– Что там рассказывать-то, – заскромничал Авдеич.
– Расскажи!
– Просим!
– Сделай честь, Авдеич!
– Оно, видишь, как случилось. – Авдеич откашлялся и достал из шаровар кисет. Всыпав на скрюченную ладонь щепоть табаку, кинул в кисет вывалившиеся оттуда два медяка, обвел слушателей счастливыми глазами. – Из крепости убег зарестованный злодей. Туды-сюды искать – нету. Вся власть с ног сбилась. Пропал вовзят – и шабаш! Ночью призывает меня караульный офицер, прихожу… Да-а-а… «Иди, говорит, в покой ихнего инператорского величества, тебя… сам государь инператор требует». Я, конешно, оробел, вхожу. Стал во фронт, а он, милостивец, ручкой меня по плечу похлопал и говорит: «Вот что, говорит, Иван Авдеич, убег первый для нашей инперии злодей. В землю заройся, а сыщи, иначе и на глаза не являйся!» – «Слушаюсь, ваше инператорское величество», – говорю. Да-а-а… братцы мои, была мне закрутка… Взял я из царской конюшни тройку первеющих коней и марш-марш. – Авдеич, закуривая, оглядел потупленные головы слушателей, одушевляясь, загремел из висячего облака дыма, закутавшего его лицо: – День скачу, ночь скачу. Аж на третьи сутки под Москвой догнал. В карету его, любушку, и тем следом обратно. Приезжаю в полночь, весь в грязе, и прямо иду к самому. Меня это разные-подобные князья с графьями не пускать, а я иду. Да… Стучусь. «Дозвольте, ваше инператорское величество, взойтить». – «А это кто таков?» – спрашивает. «Это я, говорю, Иван Авдеич Синилин». Поднялась там смятенья, – слышу, сам кричит: «Марея Федоровна, Марея Федоровна! Вставай скорей, ставь самовар, Иван Авдеич приехал!»

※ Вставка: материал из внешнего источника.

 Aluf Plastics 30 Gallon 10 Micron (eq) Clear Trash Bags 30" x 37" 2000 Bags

Громом лопнул в задних рядах смех. Писарь, читавший объявления о пропавшем и приблудившемся скоте, споткнулся на фразе: «левая нога по щиколку в чулке». Атаман гусаком вытянул шею, рассматривая колыхавшуюся в хохоте толпу.

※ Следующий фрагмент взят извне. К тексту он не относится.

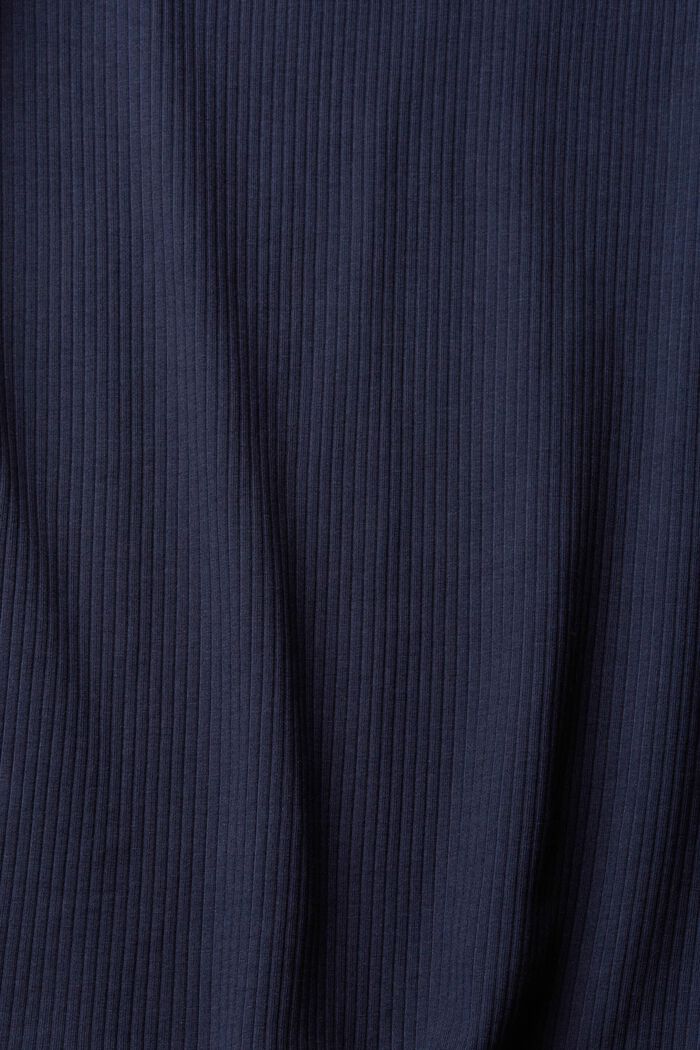 Ribbed long sleeve, stretch cotton, NAVY, detail image number 1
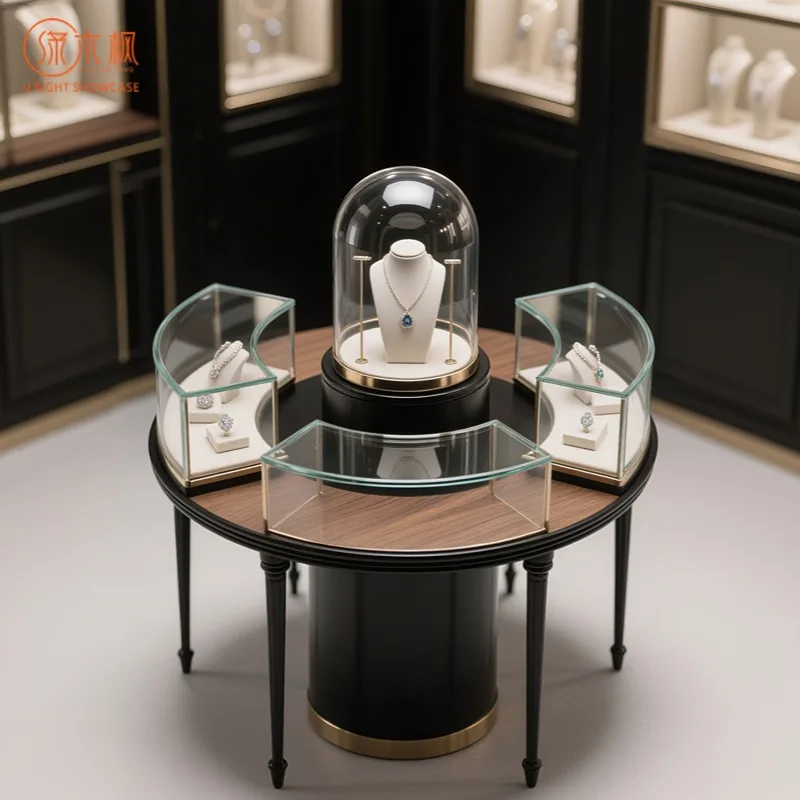Custom.Custom Luxury Round - Island Jewelry Display Cabinets  Customizable High - End Metal & Glass Showcases for Mall Jewelry S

Авдеич дернул папаху, – хмурясь, растерянно перебегал глазами с одного на другого.
– Погодите!
– О-хо-ха-ха-ха!..
– Ох, сме-е-ертынь-ка!..
– Гык-гык-гы-ы-ык!..
– Авдеич, кобель лысый, ох-охо!..
– «Ставь само-о-вар. Авдеич приехал!» Ну и ну!
Сход начал расходиться. Тягуче, беспрерывно стонали дощатые промерзшие порожки крыльца. На затоптанном у правления снегу возились, согреваясь в борьбе, Степан Астахов и высокий голенастый казак – хозяин ветряка-голландки.
– Через голову мирошника! – советовали окружавшие их казаки. – Вытряси из него отрубя, Степка!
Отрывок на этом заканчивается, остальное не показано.